Friday, May 8th, 2009

Unions sue state for more school funds
By Sharon Noguchi, Mercury News

“To secure billions of dollars in additional funding for education, two school employee unions filed a lawsuit against the state of California on Thursday.

“The lawsuit argues that the state must repay schools the amount it’s taking away — and sooner than other funding schemes would allow.

“Faced with a state budget crisis, Sacramento has taken $8.6 billion from K-12 and higher education over two years. The lawsuit argues that the state must repay much of that, and cites a 1988 voter initiative that guaranteed minimum funding for education.

This week, the state Department of Finance suggested that schools may lose an additional $3.6 billion.

That threatened reduction “made it imperative to file” the suit, said Marty Hittelman, president of the California Federation of Teachers, which filed the suit in San Francisco Superior Court. It was joined by the Service Employees International Union Local 99, in Southern California, which represents janitors, secretaries and other support staff. The CFT represents about 100,000 teachers, librarians and other credentialed school employees, and is the smaller of two unions representing public school teachers in California.

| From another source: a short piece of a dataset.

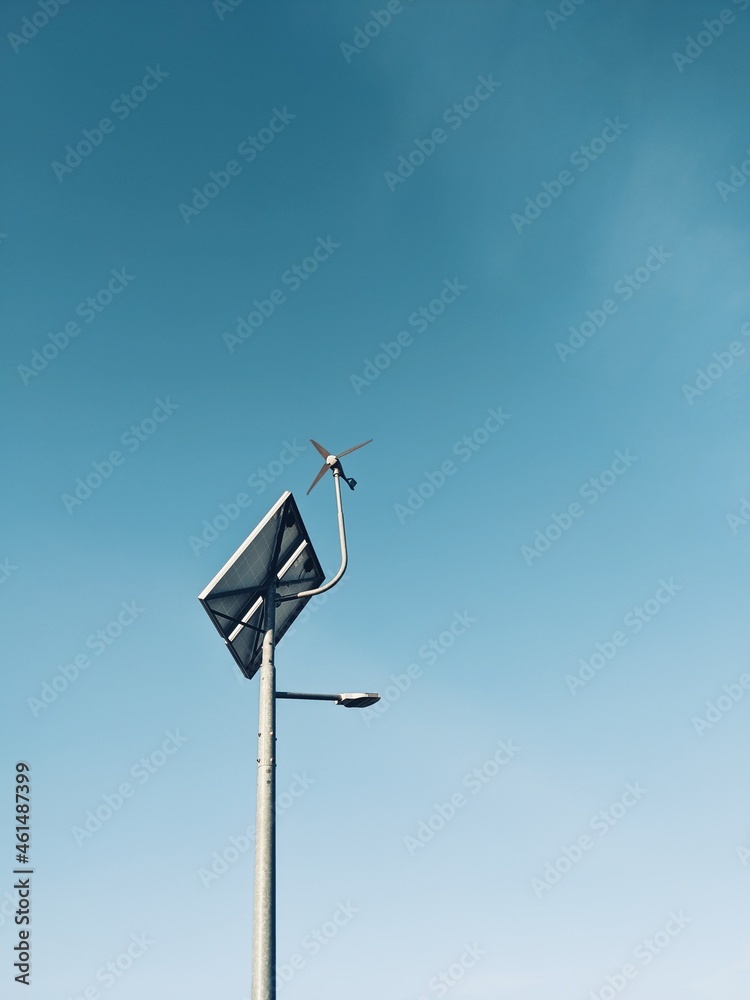 Street lamp on the blue sky, wind turbine and solar panel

Hittelman denied that the CFT filed the suit after polls showed most of the six propositions on the May 19 ballot badly trailing. Two of those, Propositions 1A and 1B, are key to funding education. Prop. 1B sets how much the state owes education and outlines a repayment schedule.

Even if 1B passes, the teachers union argues that schools would be shortchanged by freezing the repayment amount at $7.9 billion and deferring repayments until 2011-12.

The lawsuit argues that the state uses the wrong formula to determine whether schools will be reimbursed in the future for reduced funding.

H.D. Palmer, deputy director of the state Department of Finance, said the state owes school districts money for 2007-08, but not the current school year. “The Constitution is straightforward in this regard.”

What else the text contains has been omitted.